# Weekend Boredom = New Enclosure



## Jaycw (Jun 21, 2010)

Had some spare time over the weekend (and a whole bunch of spare foam) so decided to get busy... this was the outcome.


----------



## thals (Jun 21, 2010)

You did a fantastic job, looks great! Spare time well spent


----------



## Funkstaa (Jun 21, 2010)

Freakin awsome!...


----------



## python_dan89 (Jun 21, 2010)

nice mate =)


----------



## the jungle guy (Jun 21, 2010)

well done,


----------



## DragonKells (Jun 21, 2010)

Nothing like bordem to inspire a work of art hey?

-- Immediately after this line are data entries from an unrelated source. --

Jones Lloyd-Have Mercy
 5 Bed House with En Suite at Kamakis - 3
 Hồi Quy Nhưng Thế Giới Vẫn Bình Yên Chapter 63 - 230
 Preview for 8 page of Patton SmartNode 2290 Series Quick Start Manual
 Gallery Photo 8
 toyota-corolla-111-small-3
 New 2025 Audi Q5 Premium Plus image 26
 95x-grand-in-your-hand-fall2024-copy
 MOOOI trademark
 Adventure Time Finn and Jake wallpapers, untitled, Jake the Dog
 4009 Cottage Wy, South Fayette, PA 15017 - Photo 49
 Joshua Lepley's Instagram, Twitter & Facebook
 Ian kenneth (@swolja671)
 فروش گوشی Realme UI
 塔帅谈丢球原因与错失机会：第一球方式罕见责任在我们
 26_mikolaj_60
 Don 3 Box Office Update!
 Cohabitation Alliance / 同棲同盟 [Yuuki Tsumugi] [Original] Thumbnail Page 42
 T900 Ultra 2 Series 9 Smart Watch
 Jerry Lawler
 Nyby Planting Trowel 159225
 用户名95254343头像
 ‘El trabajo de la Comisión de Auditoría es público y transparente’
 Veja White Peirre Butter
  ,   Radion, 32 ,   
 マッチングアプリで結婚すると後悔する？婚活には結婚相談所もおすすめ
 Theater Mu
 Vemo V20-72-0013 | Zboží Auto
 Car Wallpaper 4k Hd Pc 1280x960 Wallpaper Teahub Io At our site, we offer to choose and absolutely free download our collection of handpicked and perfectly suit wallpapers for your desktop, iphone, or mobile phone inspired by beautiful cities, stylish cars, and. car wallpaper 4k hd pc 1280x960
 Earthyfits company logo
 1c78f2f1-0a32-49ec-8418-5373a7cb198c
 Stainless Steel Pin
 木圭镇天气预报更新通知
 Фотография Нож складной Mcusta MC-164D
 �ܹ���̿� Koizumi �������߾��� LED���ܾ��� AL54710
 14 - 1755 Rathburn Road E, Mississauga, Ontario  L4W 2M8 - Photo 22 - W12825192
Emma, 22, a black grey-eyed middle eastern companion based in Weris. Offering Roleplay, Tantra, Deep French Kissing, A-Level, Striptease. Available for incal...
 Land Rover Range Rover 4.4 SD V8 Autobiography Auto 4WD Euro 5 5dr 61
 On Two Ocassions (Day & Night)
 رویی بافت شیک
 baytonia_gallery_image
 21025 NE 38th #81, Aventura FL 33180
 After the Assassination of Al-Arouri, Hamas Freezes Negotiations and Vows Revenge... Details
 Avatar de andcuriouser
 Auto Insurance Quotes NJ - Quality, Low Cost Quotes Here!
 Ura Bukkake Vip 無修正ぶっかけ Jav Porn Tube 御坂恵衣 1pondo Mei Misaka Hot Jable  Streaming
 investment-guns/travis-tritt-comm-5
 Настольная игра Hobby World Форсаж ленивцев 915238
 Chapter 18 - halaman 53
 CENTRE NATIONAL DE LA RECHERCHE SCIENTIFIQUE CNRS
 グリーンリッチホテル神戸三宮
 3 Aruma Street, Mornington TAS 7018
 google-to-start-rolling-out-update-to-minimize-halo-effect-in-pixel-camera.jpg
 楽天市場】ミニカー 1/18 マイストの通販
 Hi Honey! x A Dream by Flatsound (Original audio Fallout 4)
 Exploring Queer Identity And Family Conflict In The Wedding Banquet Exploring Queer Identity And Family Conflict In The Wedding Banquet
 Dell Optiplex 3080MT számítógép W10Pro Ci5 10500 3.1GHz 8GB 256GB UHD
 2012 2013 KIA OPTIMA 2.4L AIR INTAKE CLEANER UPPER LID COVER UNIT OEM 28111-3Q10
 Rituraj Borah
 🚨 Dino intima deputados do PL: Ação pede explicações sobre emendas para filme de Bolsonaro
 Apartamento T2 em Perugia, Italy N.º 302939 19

Looks great


----------



## Jaycw (Jun 21, 2010)

Thanks guys  ... Will have to do the bottom enclosure now too , looks like another weekend with the lounge full of foam bits haha


----------



## TassieHerper (Jun 21, 2010)

yep looking great. is that a hide i spy in the bottom right corner?


----------



## Jaycw (Jun 21, 2010)

Yup , few hides scattered around back corner , hid rock in the middle , theres also a hide up on the shelf under the basking light 

Wanting to get cracking on the bottom enclosure soon too ... currently have beardies in there , trying to work out a suitable temporary home for them while I do some landscaping .... Do you think they would be ok in a 50L tub for a day or two ? (could rig up a temp UV/ Heat source with a clip on lamp) does anyone have any better ideas?


----------



## Fangus (Jun 21, 2010)

looks great ..... did you carve all that foam yourself , and paint it ?.... If so that is amazing, tell us ya secret


----------



## Jaycw (Jun 22, 2010)

Yeah.... bought a couple of polystyrene sheets from Clarks Rubber (just the 3cm stuff.. think its about 8$ for 1200x600 sheet) ... used some no more nails to glue it all to the back and sides , then took to it with a screw driver and my fingers just ripping out bits and pieces to give it a rocky type look.... Hit it with a heatgun for a couple of seconds to smooth down the little loose bits and pieces... Then just mixed up some cement , did 3 coats (first one is pretty watery , you can go thicker with the next coats)... once it was dry used some acrylic paint (just the cheap stuff from the $2 shop) and then sealed it all with a whole lot of PVA glue... theres a pretty good tutorial thread on here that will give you heaps more detail on making rock walls and hides


----------